Once those old crones (incredible thought)
Had smiled on life with fresh young faces
And stirred men’s hearts and been besought
Like goddesses for their embraces! . . .
We mourn the tragic fate of those
Who pass ere time has blown their rose;
But what of those who the bloom outstay,
Who watch the petals falling away
In the mouldering process of life’s decay?
Infelix Dido? At least she died
‘Pulcherrima’ in her beauty’s pride,
At least she was spared the piteous fate
Of those whom the years disintegrate,
I mused, as I pictured the lonely doom
That awaits old age in its chambered gloom.
Three old women with hospital faces
Sniffing life’s dregs with sour grimaces…
Nearing voices and shuffling feet
Broke on my musings. I glanced at the seat –
Yes, they were going at last, thank God.
And as they went by, I thought what an odd
Gloss they’d inserted in Dido’s sighs,
And may be I smiled, for to my surprise
They met my glance with a friendly nod,
Each face transfigured by smiling eyes;
And one of them, she with the double chin,
Remarked what a lovely day it had bin,
And the look in her eyes was so gentle and kind
It warmed my heart and shamed my mind.
I blurted such words as speech could find,
But my heart was framing a humble plea
Of forgiveness to those women three,
Whom my thoughts had mocked with such barren glee.
And as I watched them descending there
To their lonely homes in God knows where,
I blessed them each with a silent prayer –
Three old women whose tired sad faces
Still revealed the hallowed graces
That witness God in human faces . . .
***
I don’t enjoy it now the way I did as a teenager. Describing women as ‘drab’, ‘sour’, ‘croaking’, ‘dreary’, ‘desolate’, ‘ugly’, and as ‘crones’ with ‘foul anatomies’ and ‘rotting bodies’ is the height of misogyny. Do you think he redeems himself with his final plea for forgiveness and profession of faith? I’m not convinced.

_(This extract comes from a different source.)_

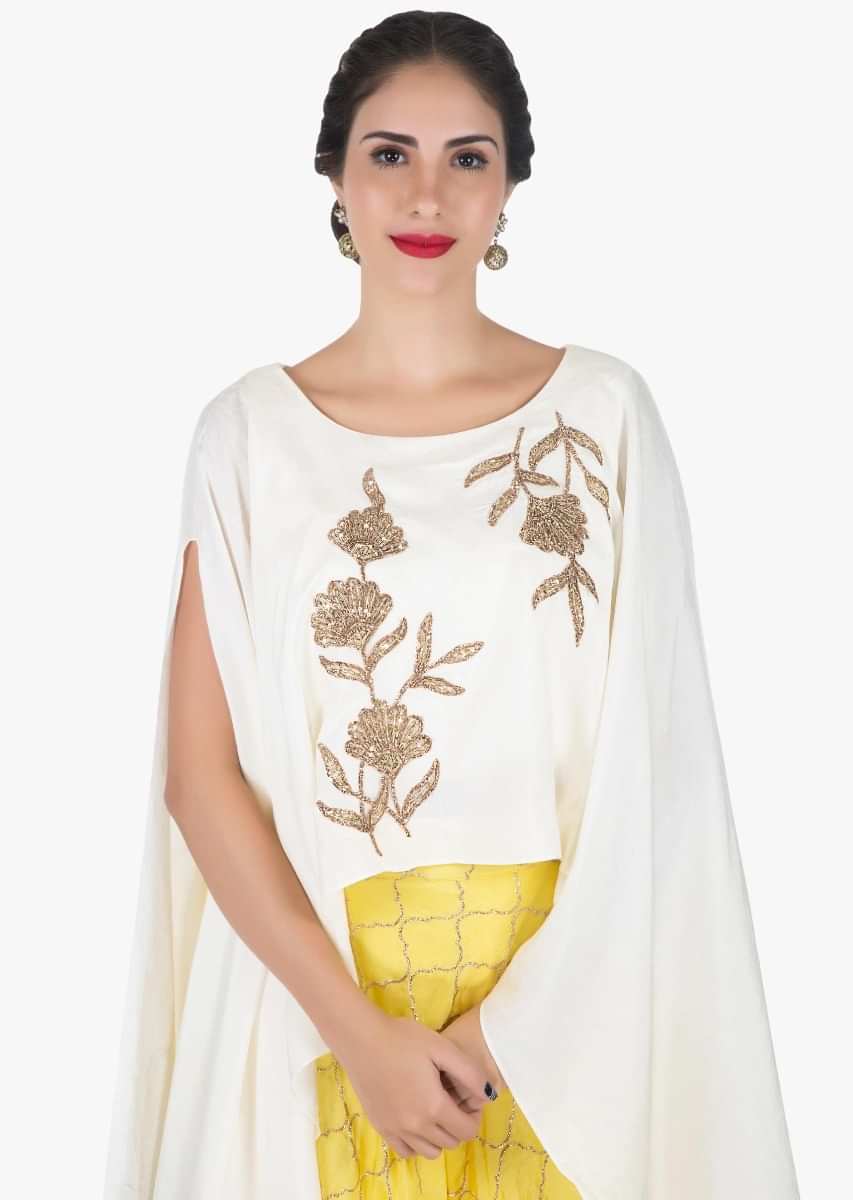 White and yellow skirt and top embellished in zari and zardosi embroidery work only on Kalki
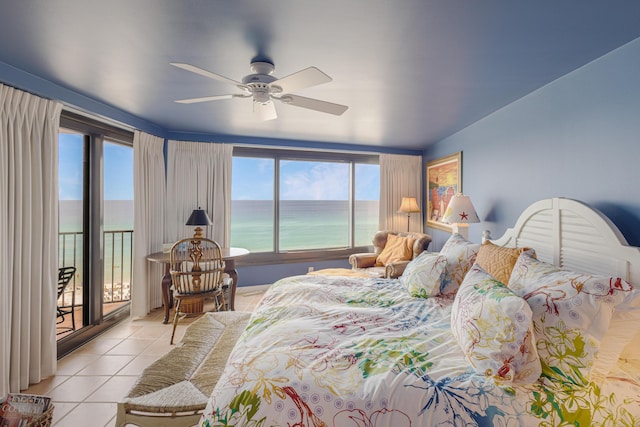 bedroom with access to exterior, light tile patterned floors, a water view, and ceiling fan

Here’s the view from the seat at the top. I think it’s changed a bit since the 1730s, when Dick Turpin terrorised the neighbourhood, and it’s also been transformed since the 1950s when Conrad Bonacina published the poem.
I wanted to get a photograph of three old women sitting on the bench, but I’m not sure how much they’d want to be associated with the poem, and I didn’t have all day to wait on the off chance that three arrived.
Later that evening, I’m watching TV when I realise this is the exact spot the current EE advert with Kevin Bacon was filmed.